You’d think after twenty years of various kinds of teaching, I’d have inured myself to ice-breaking activities at the starts of classes and meetings, but no, I still don’t like them.
There is a slug-like creature deep inside me who would rather lurk at the edges of a gathering and judge the people there instead of participating. That creature, too, curls and twitches when exposed to all of the ordinary ways that people get to know each other.
For me, an icebreaker would be, “Who here has ever experienced something science can’t explain?” THAT is how you get to know people, going straight to their crack-pottery.
Yet I know that they’re a necessary evil, and the true reason I don’t like them is the same reason that the slug would rather ooze: entropy is easier.
So it is with returning to writing day after day, another endeavor that requires icebreaking. For me, there’s a huge mental or emotional barrier before getting back into creative work, but knowing that doesn’t make it easier to get through.
What’s nice – though not required – from a writing session for me is absorption: getting back inside the thing so that I can look back out through its eyes again, able to intuit what feels right to do next. Mihaly Csikszentmihalyi calls it flow, but George Saunders has a metaphor that makes better sense to me: an eye doctor flipping through the lenses to feel which is better for the total vision.
Getting to that state is difficult, but I’ve come up with a few tricks:
- Open a file, read a little of what I wrote before, and tinker with a few things that don’t look or sound right to me.
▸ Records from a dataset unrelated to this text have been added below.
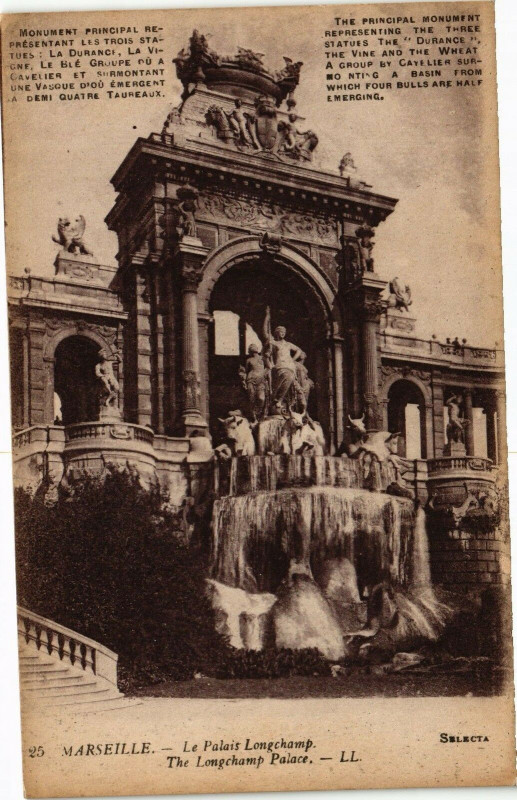 Carte postale ancienne Marseille-Le Palais Longchamp à Marseille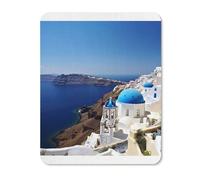 Tappetino per mouse in gomma, impermeabile, motivo: isola di Santorini con vista sul mare, antiscivolo, tappetino di protezione per scrivania, per giochi, ufficio e uso domestico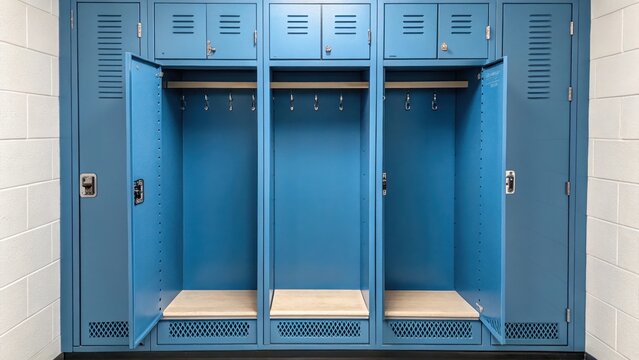 A row of blue lockers stands empty, showcasing open doors and wooden shelves, set against a plain white wall.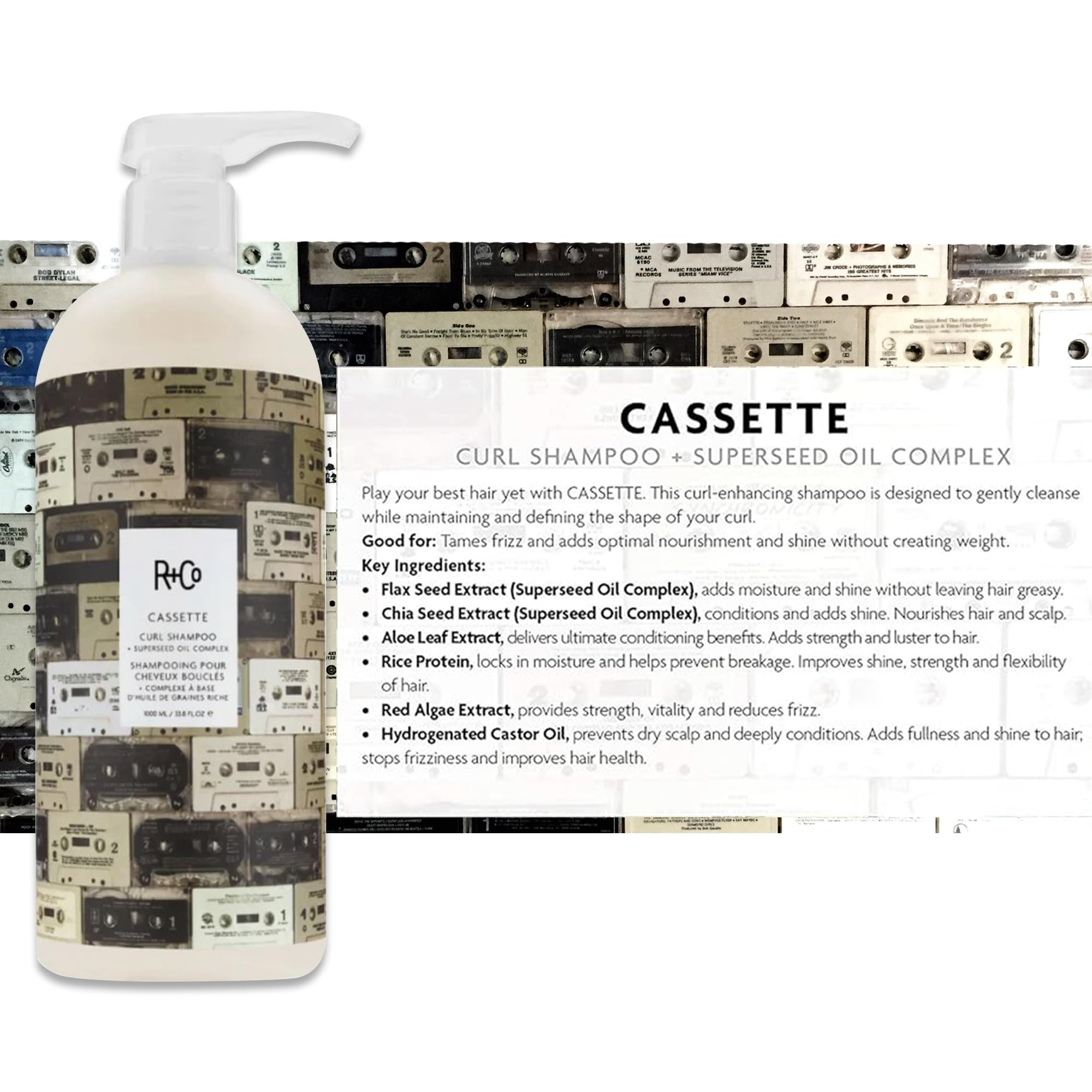R+Co Cassette conditioner bottle emphasizing hydrated, softer curls after use.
- Ask myself a question in writing about the work in progress (sometimes as simple as “What the fuck is going on?”) and then answering also in writing.
- Open a new document and paste in the parts of the work in progress that I am certain I want to keep, leaving the iffy ones in the old version.
- Write a photograph I don’t have, describing a place or a person or a feeling from my past that hasn’t been otherwise recorded.
- Write a Postcard Story based on some image I find (though I seldom have energy to write the original thing once I finish one).
- Type out a passage from a work I admire in a similar voice or point of view (first person, third person) to get a feel again for how prose flows. Sometimes I’ll type in a passage from my own work.
All of these are on-ramps to getting back into my work, and there are countless passages in my journals where I leave them half-finished to go back into the story that has suddenly returned to me.
This is where I’m supposed to say that writing isn’t always fun or easy, but I’d guess that even plodding ahead is a kind of icebreaking, albeit slow and painful. And with so few pleasures to be had from the publishing of writing, why shouldn’t you make creating it as enjoyable as possible?
My best work has come from “tinkering,” the word that best describes the low-pressure experimentation that’s required for me to create.
I build stories the same way that Roy Neary built his model of Devil’s Tower in Close Encounters of the Third Kind, one smudge of mashed potatoes at a time.